То ли потому, что он презирал их.
Одни и те же сплетни, дрязги, замыслы, которые не удаются из-за дефицита времени, редакторского непонимания, а то и личных психологических нюансов – "старик, пока лежу, гениальный текст перед глазами, а за столом все рассыпается..." Раньше не умели писать, какой социализм хороший, теперь не умеют писать, какой Сталин плохой. Проморгали момент, когда подростки в парадняках перестали бренчать "Корнет Оболенский, налейте вина" и стали бренчать "А я съем бутылочку, взгромоздюсь на милочку". Теперь шлют убогие соображения на несуществующий адрес. И не туда, куда направляют издательства. И не туда, где впопыхах перекидывает страницы реальный читатель. В пустоту.
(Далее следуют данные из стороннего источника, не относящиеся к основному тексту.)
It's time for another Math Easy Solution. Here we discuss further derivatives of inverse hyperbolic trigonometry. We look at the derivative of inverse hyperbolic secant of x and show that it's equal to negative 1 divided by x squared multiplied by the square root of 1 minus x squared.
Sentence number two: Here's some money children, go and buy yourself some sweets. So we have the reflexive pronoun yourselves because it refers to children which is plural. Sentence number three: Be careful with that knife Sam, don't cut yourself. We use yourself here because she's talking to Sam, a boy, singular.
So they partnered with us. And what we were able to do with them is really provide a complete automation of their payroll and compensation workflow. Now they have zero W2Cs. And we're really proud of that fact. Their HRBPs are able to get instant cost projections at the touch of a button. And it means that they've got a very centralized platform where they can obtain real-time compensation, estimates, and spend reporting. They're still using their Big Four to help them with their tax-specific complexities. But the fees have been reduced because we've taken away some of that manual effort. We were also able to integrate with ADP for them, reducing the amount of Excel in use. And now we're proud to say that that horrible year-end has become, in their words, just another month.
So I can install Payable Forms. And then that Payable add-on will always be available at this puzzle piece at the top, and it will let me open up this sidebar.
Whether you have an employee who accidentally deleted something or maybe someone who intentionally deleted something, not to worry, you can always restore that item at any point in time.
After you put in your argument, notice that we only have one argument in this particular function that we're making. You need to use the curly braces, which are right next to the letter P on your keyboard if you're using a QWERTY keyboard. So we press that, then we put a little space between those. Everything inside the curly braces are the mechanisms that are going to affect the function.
Беспокоить Грига, конечно, не следовало. Не так давно он подобным же манером уединился то ли с журналисткой, то ли с публицисткой, и нагрянула жена. Бывает. Но какой-то шутник, оставшийся неизвестным, направил ее точнехонько. Григ, развлекавший даму тем, что кругами гулял по комнате на четвереньках – на его голой спине, как горбы на верблюде, тряслись два полных бокала, и он на спор старался не пролить ни капли – узнал супругу, нетвердо встал и, заглушая звон и плеск, радостно воскликнул: "Заинька пришла!"
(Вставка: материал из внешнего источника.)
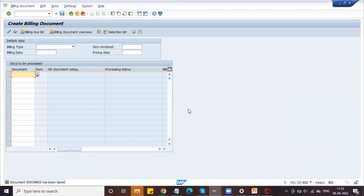This is how we perform the third-party process without shipping notification.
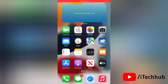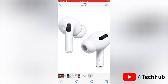Hello everyone, welcome to my iTech Hub YouTube channel. Today in this video I will show you how to mute and unmute AirPods on a call with iOS 17. With iOS 17, using AirPods on calls comes with a new and exciting feature that allows you to quickly mute and unmute yourself.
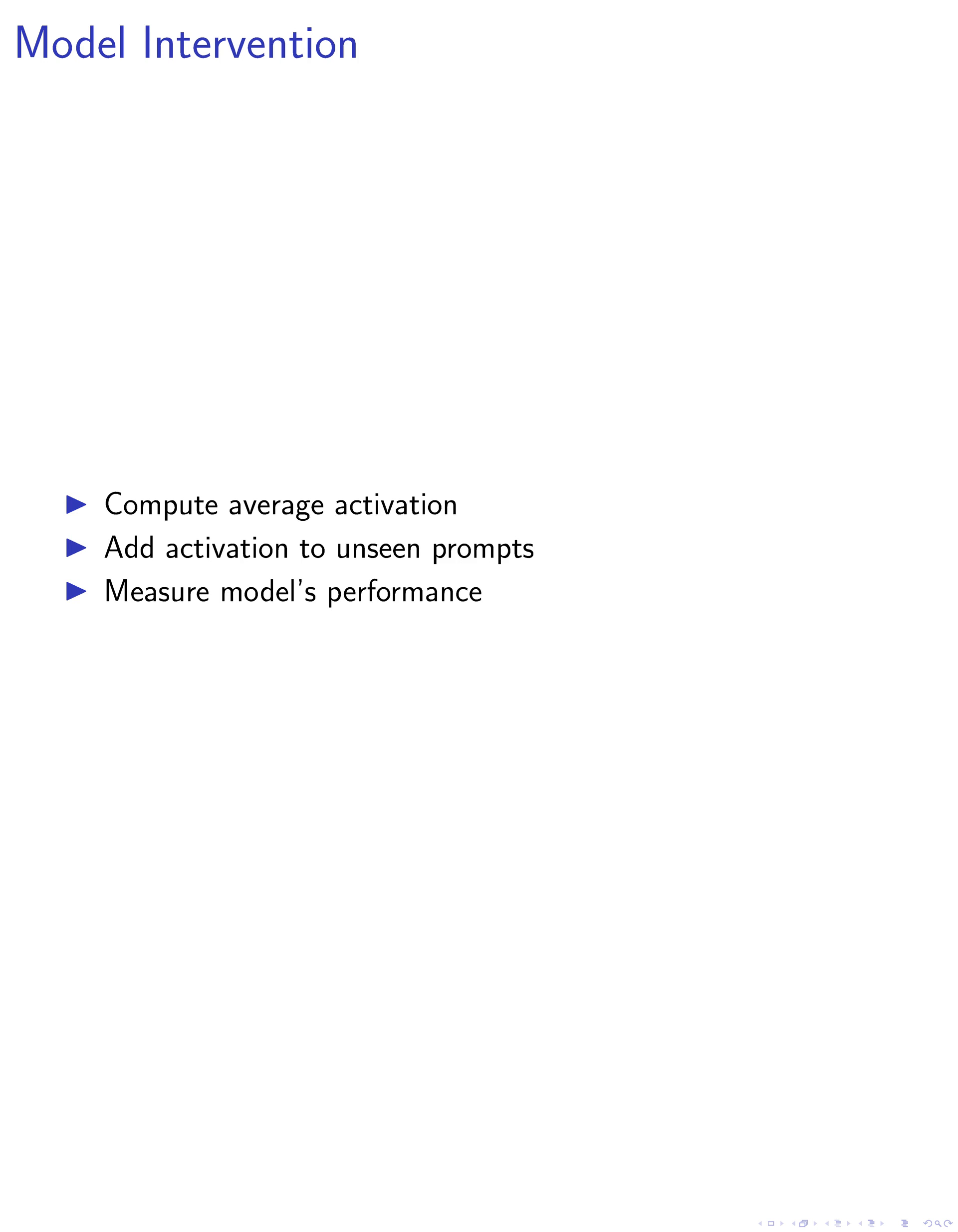Following this, we measure the model's performance in executing the task in the new context. This is done by evaluating the accuracy of the model's predictions. For instance, if the task is to generate antonyms, we measure the accuracy of the model in producing antonyms in a zero-shot context.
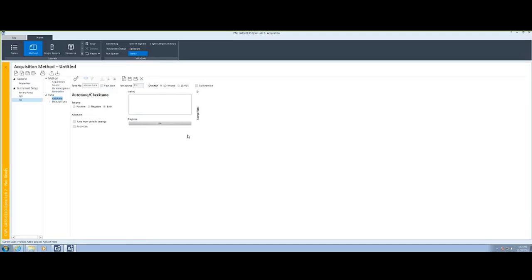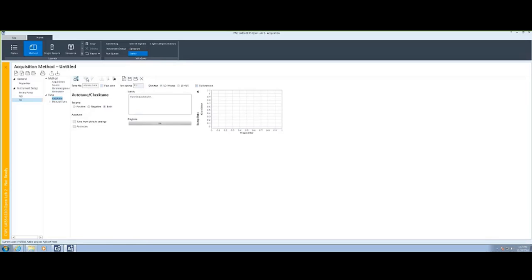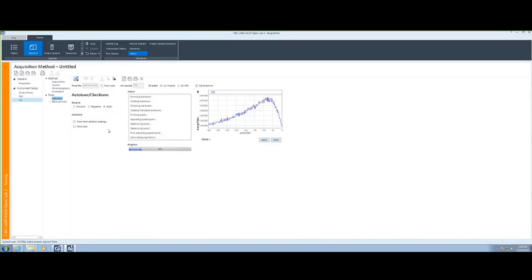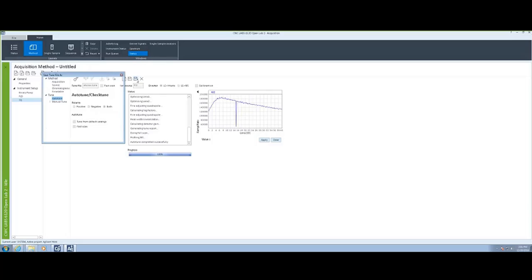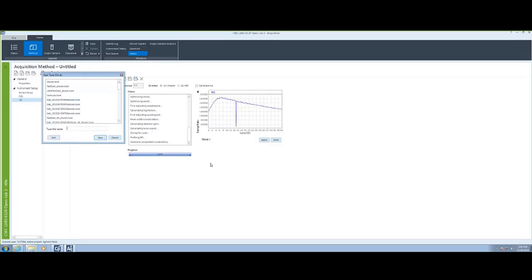In addition to the auto-tune files that are supplied, you have an ability to do your own auto-tune by selecting the auto-tune and allowing it to go through its tuning functions. Once the tune is complete, you can save the tune parameters to a new file and give it a unique name.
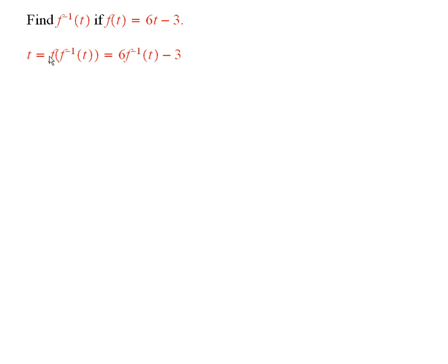We know that f of f inverse of t is equal to t. That's how f inverse of t is defined.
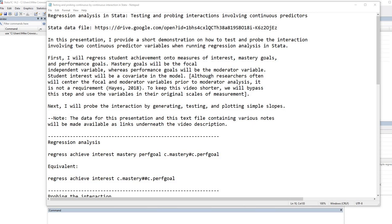Hi everyone. In this presentation, I provide a short demonstration on how to test and probe the interaction involving two continuous predictor variables when running regression analysis in STATA.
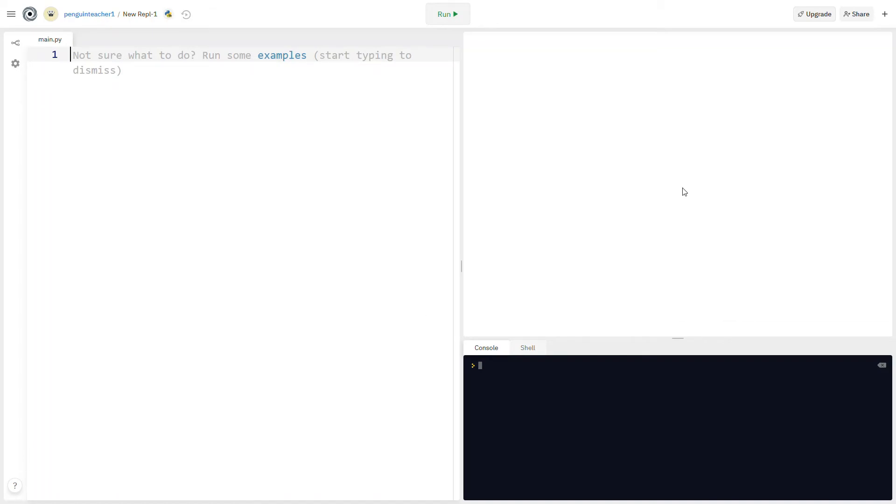And now I see three screens. So I have my code over here, and then this is where the turtle shows up and moves around, and then here's my output. So in order to run it, there's this green run button at the top.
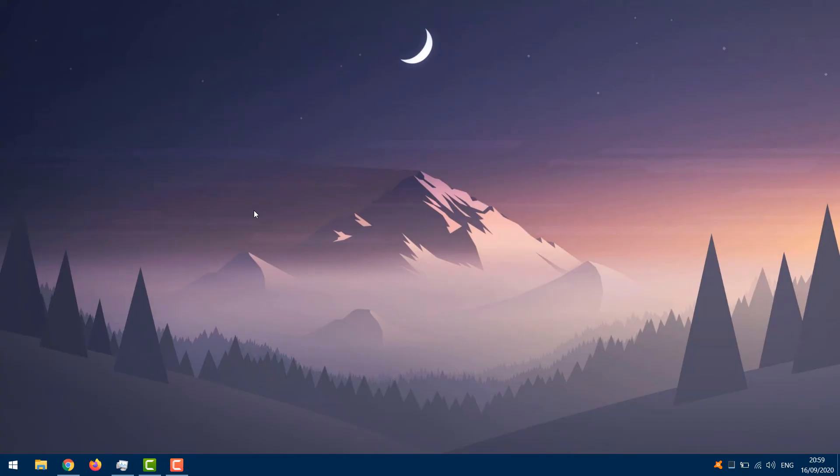If you are experiencing the Windows 10 desktop icons missing or disappeared issue and don't know what causes this, you can check the five ways in this video to fix the Windows 10 desktop icons missing problem.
Мысль о том, что пока он, Вербицкий, выламывался перед мэтром и лауреатом, расхваливая пошленькую новеллку приятеля, сам приятель – выпускник двух университетов, работающий кочегаром и посвятивший себя бессрочному вынашиванию грандиозной тетралогии об Ироде Великом – хихикал в это время с Алей, ощущалась, как бальзам. Она была столь обидной, что совесть не посмеет теперь даже пикнуть, если он, Вербицкий, подставит где-нибудь ногу иродствующему кочегару. Совесть у Вербицкого еще пикала, он ненавидел ее за это, частенько цитировал как бы в шутку Твена: "Знаешь, Том, если б у меня была собака, назойливая, как совесть, я бы ее отравил", – но ничего не мог поделать пока и вынужден был, пользуясь каждым удобным случаем, глушить ее вот такими припарками. Ведь даже не волновался, старательно растравлял себя Вербицкий, не бросился навстречу, когда я вошел, – нет, безмятежно увеселялся, уверенный, что не хватающий звезд с неба работяга обслужит его, гения, в лучшем виде.. Н-ну ладно.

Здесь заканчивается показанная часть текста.